With rates sitting at an all-time low of 0.1%, Ian Johnson, chair of the Institute of Legal Finance & Management, said the prospect of negative rates was now realistic and banks may choose to pass on the cost to their customers.
The question then was whether law firms should in turn pass it on to their clients – and whether the Solicitors Regulation Authority (SRA) would allow them to.
He observed that the size of client account “doesn’t necessarily correlate to the size or financial stability of the firm that is holding that money, and we frequently see that it is the smaller firms that hold the larger amounts of client funds”.
Mr Johnson, who is also a director in the business advisory group of accountants Saffery Champness, said holding client money already had an impact on law firms through their indemnity insurance premiums and having to pay towards the SRA Compensation Fund.
“But this may have a more profound effect when every pound sitting to a client’s credit has a direct and proportional impact on their finances.
“Practices have been required to have clear interest policies in place for a number of years now, but they have up until now been based around paying a fair amount of interest to their clients, not the other way around.
“If rates became negative, we may see firms adopting a more ‘dynamic’ policy whereby the interest benefit or cost swings both ways.”
Mr Johnson predicted that the SRA would let firms recharge the cost: “I don’t think the SRA would put firms in the way of financial harm.”
He argued that this was the right approach – “law firms should not have to shoulder the costs” – but said they faced the problem of how they distribute them among clients.
He suggested firms would either increase their hourly rates marginally or introduce a fixed cost on a sliding scale, but said it had to be cost neutral to meet the requirement to treat clients fairly.
Mr Johnson urged firms to consider their position now. “If negative rates do come in, it’ll be costing them money by the minute.
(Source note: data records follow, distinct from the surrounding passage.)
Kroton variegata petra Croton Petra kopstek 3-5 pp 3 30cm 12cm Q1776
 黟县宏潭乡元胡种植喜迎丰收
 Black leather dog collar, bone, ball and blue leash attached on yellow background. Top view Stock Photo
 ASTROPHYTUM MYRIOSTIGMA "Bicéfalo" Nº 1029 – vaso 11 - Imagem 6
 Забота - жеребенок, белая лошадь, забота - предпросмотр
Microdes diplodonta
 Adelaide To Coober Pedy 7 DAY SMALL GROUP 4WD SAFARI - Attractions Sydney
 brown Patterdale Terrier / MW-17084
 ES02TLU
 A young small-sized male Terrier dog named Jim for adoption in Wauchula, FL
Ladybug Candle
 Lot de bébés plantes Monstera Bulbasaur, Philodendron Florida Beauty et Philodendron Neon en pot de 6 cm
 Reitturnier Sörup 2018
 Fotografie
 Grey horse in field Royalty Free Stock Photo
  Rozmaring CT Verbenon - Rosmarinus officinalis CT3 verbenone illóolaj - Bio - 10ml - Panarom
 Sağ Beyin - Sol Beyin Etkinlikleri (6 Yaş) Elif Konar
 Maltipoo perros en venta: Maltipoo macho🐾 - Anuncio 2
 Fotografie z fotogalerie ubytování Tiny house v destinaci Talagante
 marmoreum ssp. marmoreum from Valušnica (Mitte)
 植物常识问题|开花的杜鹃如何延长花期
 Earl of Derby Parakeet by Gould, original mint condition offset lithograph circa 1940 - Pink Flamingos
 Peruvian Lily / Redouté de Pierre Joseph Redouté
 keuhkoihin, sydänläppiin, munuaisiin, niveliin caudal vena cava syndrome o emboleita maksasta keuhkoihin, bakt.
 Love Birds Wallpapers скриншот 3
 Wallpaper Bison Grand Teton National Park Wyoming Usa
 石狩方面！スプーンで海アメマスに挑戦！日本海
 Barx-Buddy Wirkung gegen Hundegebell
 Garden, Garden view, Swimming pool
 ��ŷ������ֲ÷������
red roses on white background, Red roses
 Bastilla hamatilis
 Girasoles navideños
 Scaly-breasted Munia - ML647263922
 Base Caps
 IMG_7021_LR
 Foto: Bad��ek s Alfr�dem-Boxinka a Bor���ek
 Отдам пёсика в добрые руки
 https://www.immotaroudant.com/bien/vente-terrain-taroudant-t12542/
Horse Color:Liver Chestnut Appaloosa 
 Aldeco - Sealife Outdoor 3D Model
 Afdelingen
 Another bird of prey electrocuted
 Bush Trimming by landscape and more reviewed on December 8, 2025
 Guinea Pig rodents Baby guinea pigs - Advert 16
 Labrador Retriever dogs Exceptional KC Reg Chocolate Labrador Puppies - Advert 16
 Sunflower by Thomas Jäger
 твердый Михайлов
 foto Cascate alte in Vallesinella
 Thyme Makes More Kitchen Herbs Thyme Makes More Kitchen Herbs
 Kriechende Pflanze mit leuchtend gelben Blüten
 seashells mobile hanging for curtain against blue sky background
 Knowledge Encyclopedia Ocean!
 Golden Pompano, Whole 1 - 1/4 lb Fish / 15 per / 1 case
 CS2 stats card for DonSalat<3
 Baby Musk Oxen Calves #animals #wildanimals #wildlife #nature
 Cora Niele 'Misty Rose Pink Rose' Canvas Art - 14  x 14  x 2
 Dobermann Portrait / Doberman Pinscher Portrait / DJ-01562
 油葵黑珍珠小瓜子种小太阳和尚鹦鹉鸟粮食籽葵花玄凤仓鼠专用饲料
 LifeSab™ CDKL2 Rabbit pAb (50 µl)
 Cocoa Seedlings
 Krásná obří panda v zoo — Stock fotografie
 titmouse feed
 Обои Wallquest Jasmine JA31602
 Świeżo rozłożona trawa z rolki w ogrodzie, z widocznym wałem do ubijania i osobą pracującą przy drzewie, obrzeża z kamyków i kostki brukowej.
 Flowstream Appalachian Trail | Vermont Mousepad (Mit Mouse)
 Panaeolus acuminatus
It also won’t be practical to go back and change your Ts&Cs retrospectively.”
He predicted that this situation would only make firms “more resistant” to holding onto client money.
“Firms shouldn’t be holding onto client money just for the convenience of their clients anyway, but they will look even more closely at the commercial arrangement they have with their client.
“It will be interesting to see what, if any, effect this change in appetite will have on the speed of transactions. Where client money becomes a hot potato that nobody wants to hold on to, will this have an unexpectedly positive impact on completion efficiencies and will we see firms taking an increasingly bullish approach in the final stages of a matter?
“Alternatively, firms may look beyond the traditional client account to other means of facilitating a deal, such as the use of third-party managed accounts.”
Mr Johnson said whether or not it was fair for banks to view a law firm’s client account in purely commercial terms was “a point for debate”, but he noted that “nobody took issue when rates were much more positive”.
An SRA spokesman said: “We are monitoring the situation and will look at any potential implications so we can provide guidance to the profession if required.”